Please leave out pictures and print exactly the lines from the one that has "PRINTFASHION My mind" through the last line of the material below.
BEGIN Raw data
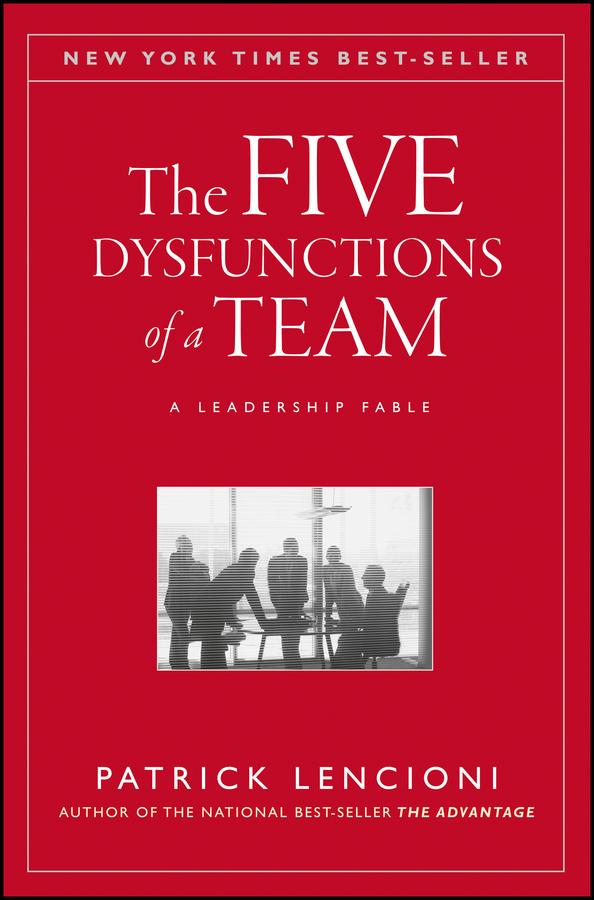 The Five Dysfunctions of a Team by Patrick M. Lencioni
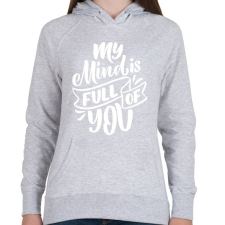 PRINTFASHION My mind is full - Női kapucnis pulóver - Sport szürke női pulóver, kardigán
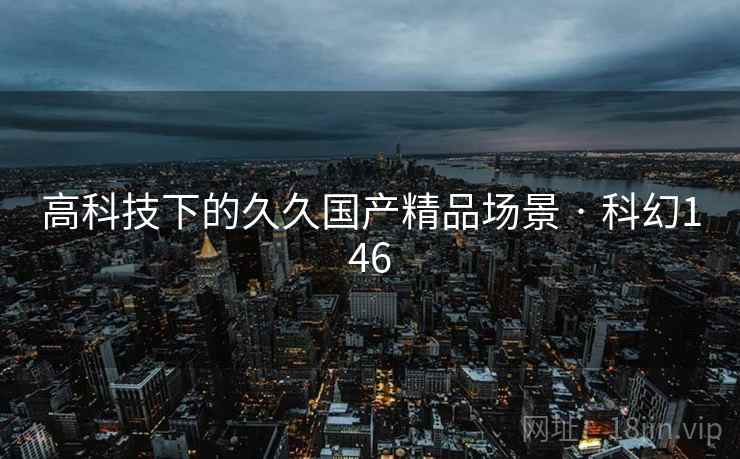 高科技下的久久国产精品场景 · 科幻146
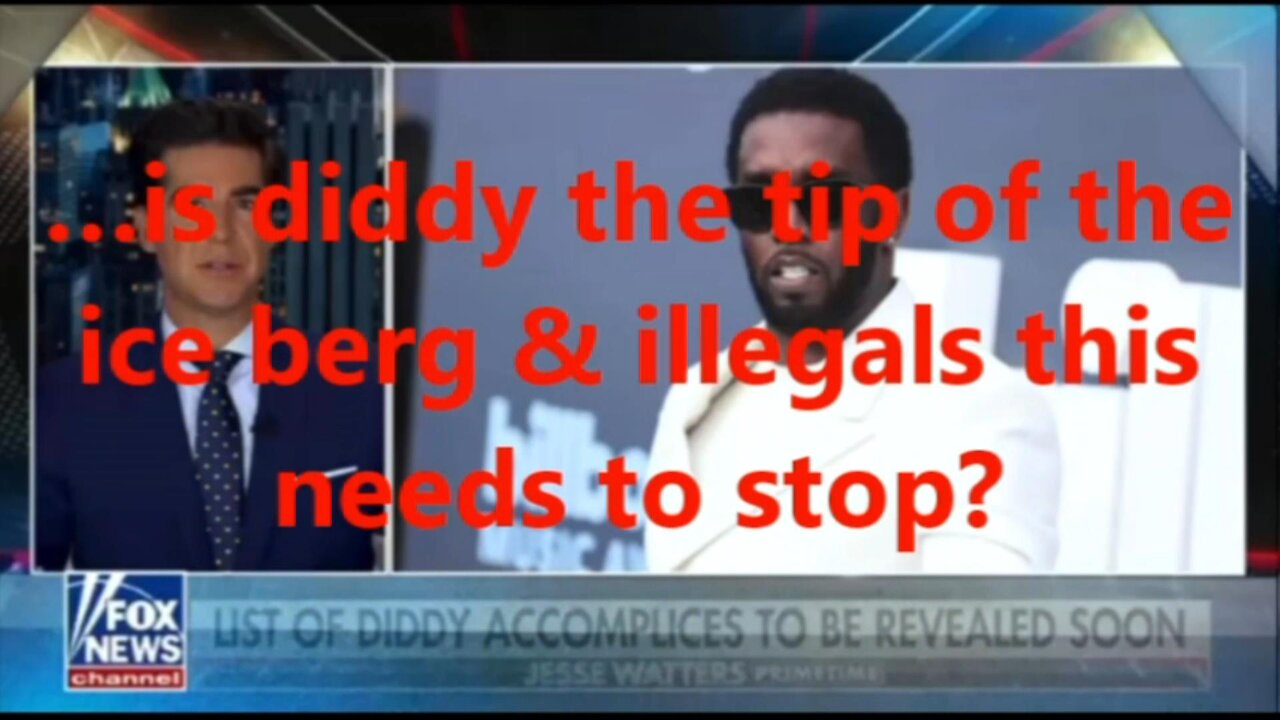 …is diddy the tip of the ice berg & illegals this needs to stop?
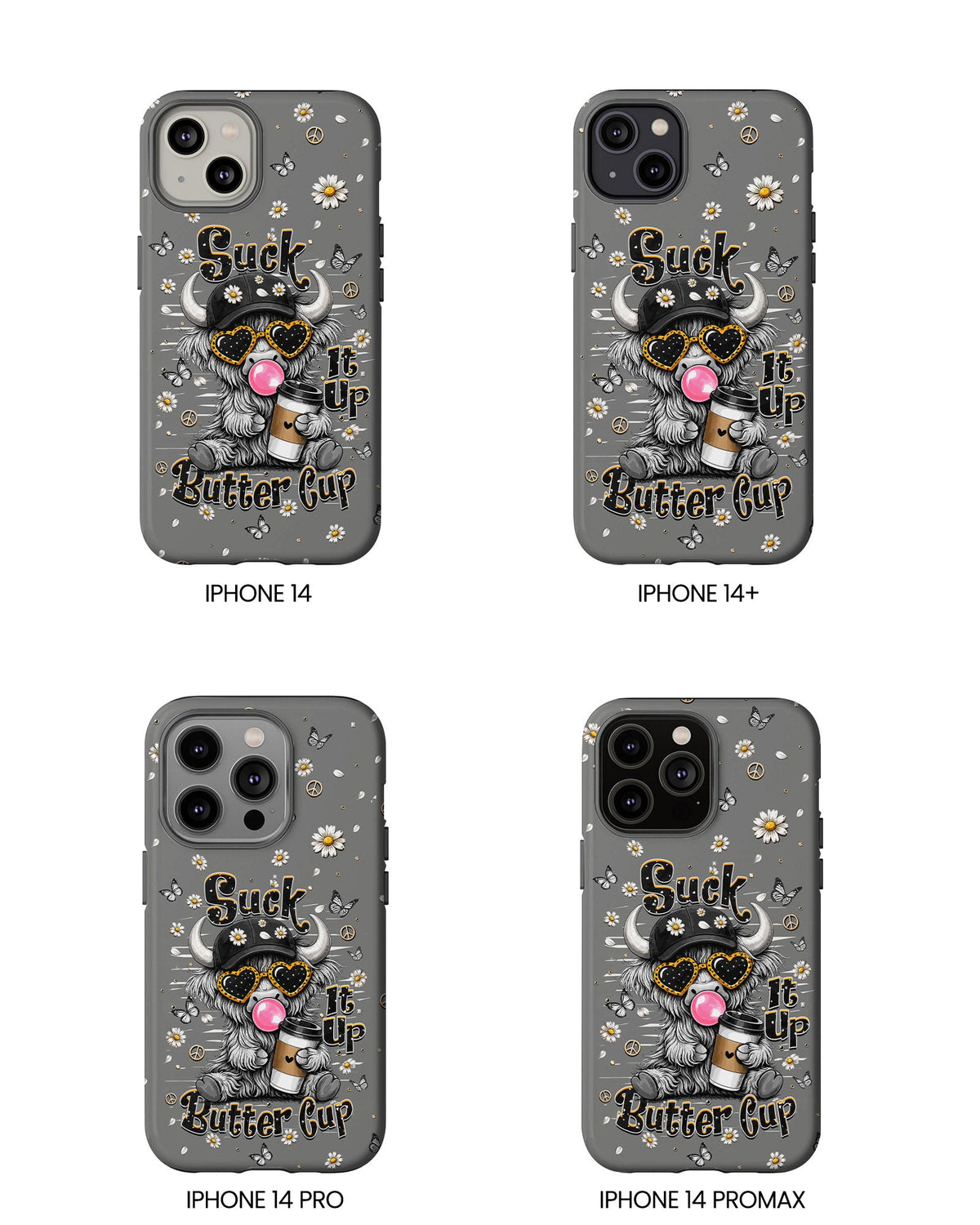 SUCK IT UP BUTTERCUP COW PHONE CASE  - TLHN0806263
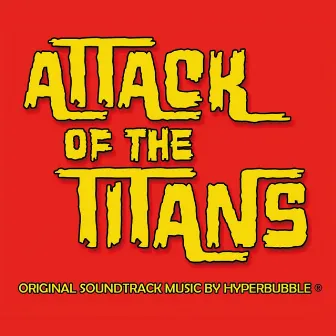 Attack of the Titans (Original Soundtrack) by Hyperbubble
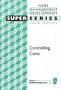 Controlling Costs SS3, Third Edition (ILM Super Series)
END Raw data
## Task output:
 PRINTFASHION My mind is full - Női kapucnis pulóver - Sport szürke női pulóver, kardigán
 高科技下的久久国产精品场景 · 科幻146
 …is diddy the tip of the ice berg & illegals this needs to stop?
 SUCK IT UP BUTTERCUP COW PHONE CASE  - TLHN0806263
 Attack of the Titans (Original Soundtrack) by Hyperbubble
 Controlling Costs SS3, Third Edition (ILM Super Series)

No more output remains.